The New Face of the Mob, Part 3

Part 1

Part 2

How a corrupt southern Nevada establishment operates to make state taxpayers into economic serfs

By Del Tartikoff & W. W. Anderson

IN LATE 2001, WHEN Gov. Kenny Guinn appointed former Clark County Finance Director Guy Hobbs to head the governor’s forthcoming Task Force on Tax Policy, Hobbs’ appointment was widely hailed as natural and appropriate.

At the time, Hobbs was described by Nevada Taxpayers Association President Carole Vilardo, speaking to the Las Vegas Review-Journal, as “very aware of fiscal realities, a reasoned, deliberate person who has a very good reputation for looking globally at issues, and for measuring issues against actual policy, not just doing things because they satisfy an immediate revenue need, but something that will be long-lasting.”

The impression at the time of many in the Southern Nevada business community was that Hobbs was “a good, sound Republican,” who could be relied on to serve as the people’s champion in the forthcoming fight over higher taxes. Most important of all, however, was Hobbs’ reputation for integrity—something generally recognized to be in short supply whenever big government and big money come together in Southern Nevada.

Hobbs’ reputation had stemmed from the fact that in 1995, Hobbs had been forced to retire from his then-position as Clark County Comptroller. The story initially reported in the Vegas media was that Hobbs had given two county commissioners fiscal-liability advice about personnel department policies that then-county manager, Pat Shalmy, did not appreciate. But later stories said that Hobbs had been advocating competitive bidding for Clark County bond counseling and underwriting contracts, instead of the then-practice of simply passing out the extremely lucrative contracts to friends of commissioners.
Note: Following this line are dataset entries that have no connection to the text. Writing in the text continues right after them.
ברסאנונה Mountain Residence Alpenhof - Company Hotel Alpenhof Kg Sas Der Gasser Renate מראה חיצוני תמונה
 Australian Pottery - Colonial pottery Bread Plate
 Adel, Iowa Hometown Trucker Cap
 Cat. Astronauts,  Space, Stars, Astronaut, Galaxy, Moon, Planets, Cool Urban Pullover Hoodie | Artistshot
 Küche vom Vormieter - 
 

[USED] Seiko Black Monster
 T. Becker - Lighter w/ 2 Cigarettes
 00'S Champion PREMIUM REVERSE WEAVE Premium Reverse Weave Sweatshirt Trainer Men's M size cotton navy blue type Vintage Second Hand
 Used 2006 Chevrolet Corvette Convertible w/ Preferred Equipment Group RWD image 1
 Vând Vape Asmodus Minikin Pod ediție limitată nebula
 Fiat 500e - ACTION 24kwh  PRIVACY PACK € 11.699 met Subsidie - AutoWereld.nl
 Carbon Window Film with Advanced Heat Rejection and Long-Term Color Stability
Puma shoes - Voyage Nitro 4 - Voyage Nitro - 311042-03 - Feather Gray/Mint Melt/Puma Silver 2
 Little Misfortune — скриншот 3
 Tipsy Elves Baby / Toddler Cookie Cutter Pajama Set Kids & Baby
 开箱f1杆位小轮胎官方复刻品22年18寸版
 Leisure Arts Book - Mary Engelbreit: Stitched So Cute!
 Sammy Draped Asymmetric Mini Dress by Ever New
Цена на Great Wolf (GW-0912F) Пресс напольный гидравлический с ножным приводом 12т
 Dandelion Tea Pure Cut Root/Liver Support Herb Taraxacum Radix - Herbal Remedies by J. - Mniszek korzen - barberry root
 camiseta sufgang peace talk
This story emerged following Shalmy’s own resignation in 1997. The Bond Buyer, a daily newspaper specializing in public finance, reported that some financial insiders thought Shalmy’s 12-year administration had played favorites by granting a “good old boys” network most of the county’s business.

“Over the past decade, 86 percent of the county’s financial advising business has been awarded to Howarth & Associates, a local firm,” reported the Review-Journal. “Since 1986, 77 percent of the county’s bond-counseling contracts have gone to the Denver-based firm of Sherman & Howard. And the Smith Barney investment firm—usually represented by two friends and former co-workers of county airport chief Bob Broadbent—underwrote all 10 bonds sold on behalf of the county’s McCarran International Airport from 1982 through 1995.”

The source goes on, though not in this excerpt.